[Captioned web image data]
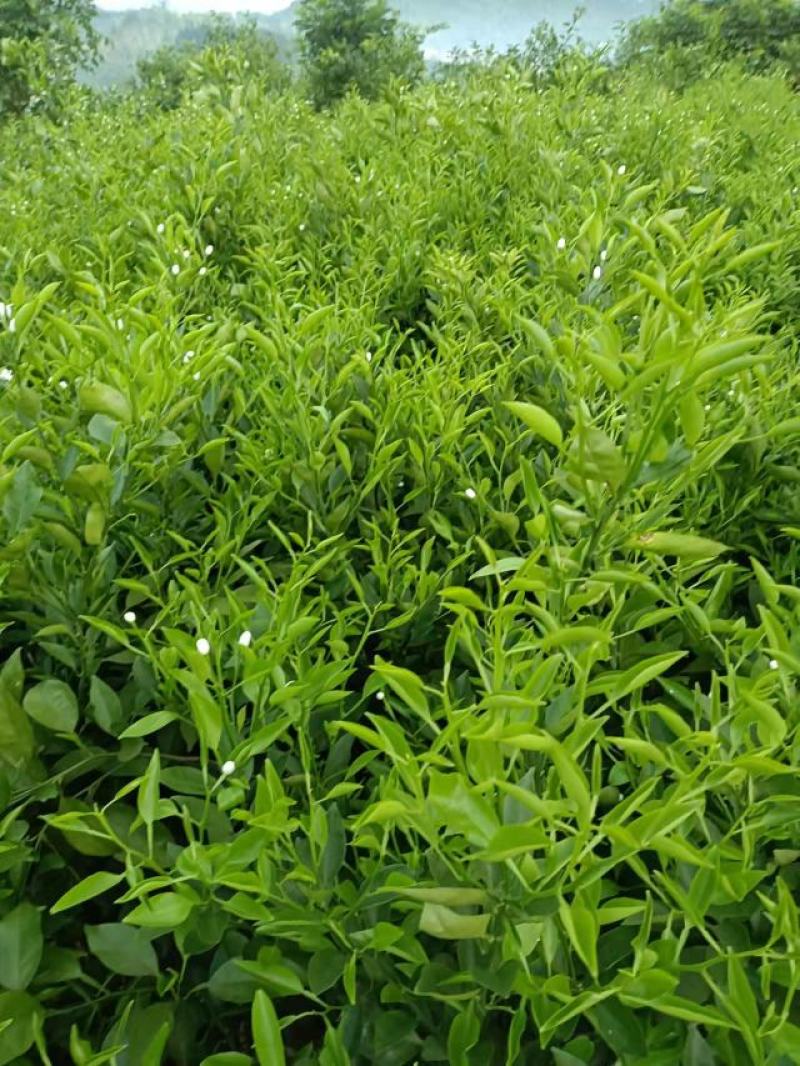 正宗明日见大苗又名啊斯蜜，苗木健康粗壮漂亮，果肉细嫩多汁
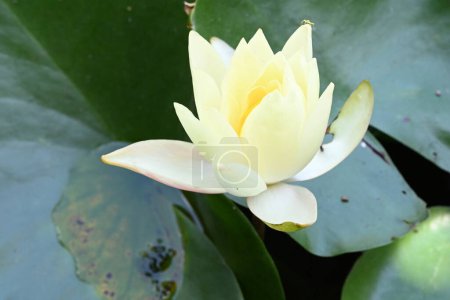 Foto de Hermosa flor de loto en el estanque - Imagen libre de derechos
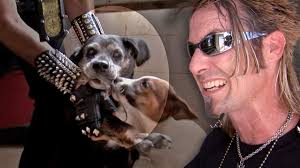 "The rats are EVERYWHERE!!" #BillyTheExterminator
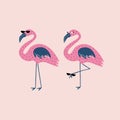 Funny flamingos with black sunglasses hand drawn vector illustration. Isolated cute pink bird in flat style for kids. Royalty Free Stock Photo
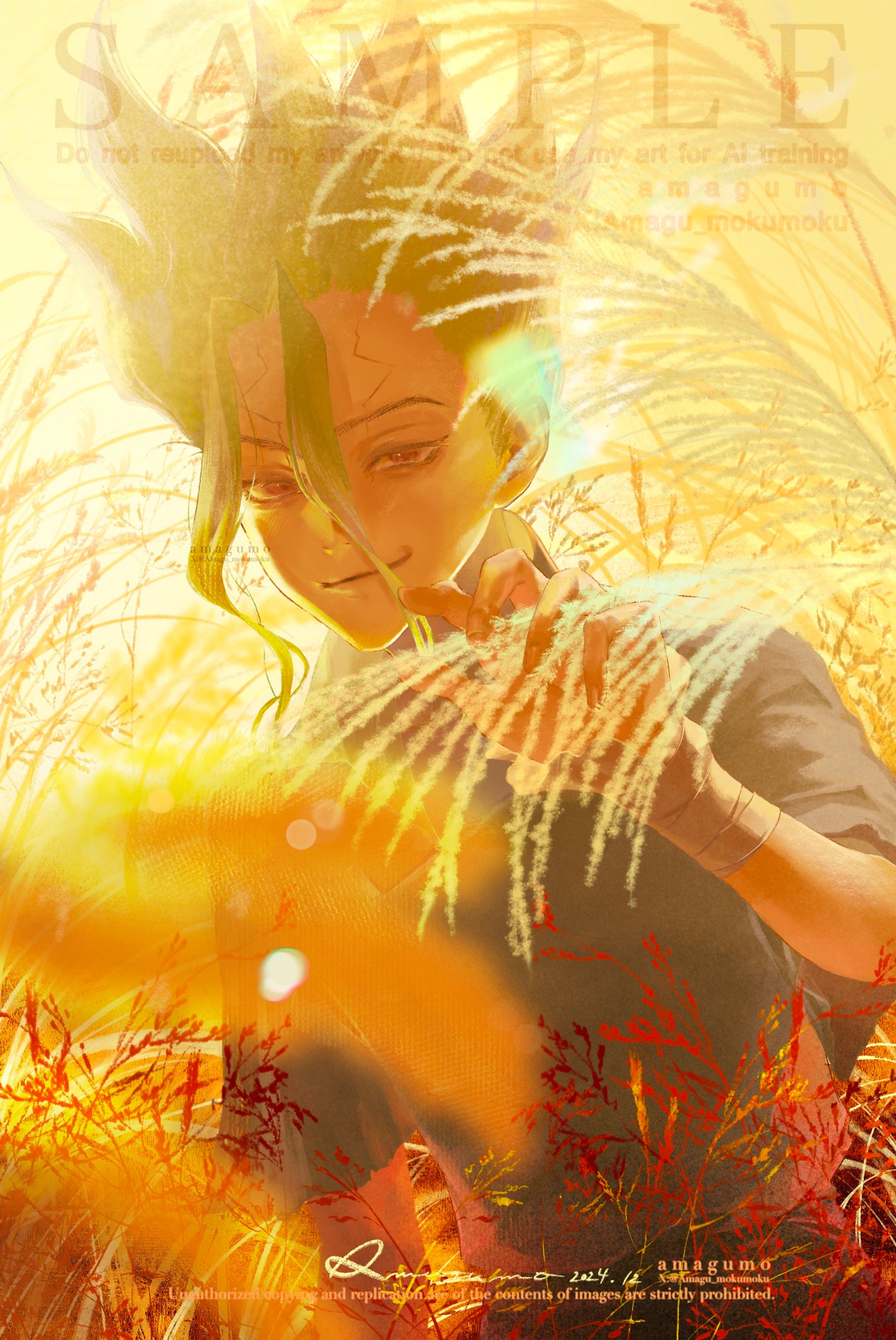 Fanart _ dcst  09-1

What is needed => Drop the pictures and give every line above again exactly.

Written reply =>
 正宗明日见大苗又名啊斯蜜，苗木健康粗壮漂亮，果肉细嫩多汁
 Foto de Hermosa flor de loto en el estanque - Imagen libre de derechos
 "The rats are EVERYWHERE!!" #BillyTheExterminator
 Funny flamingos with black sunglasses hand drawn vector illustration. Isolated cute pink bird in flat style for kids. Royalty Free Stock Photo
 Fanart _ dcst  09-1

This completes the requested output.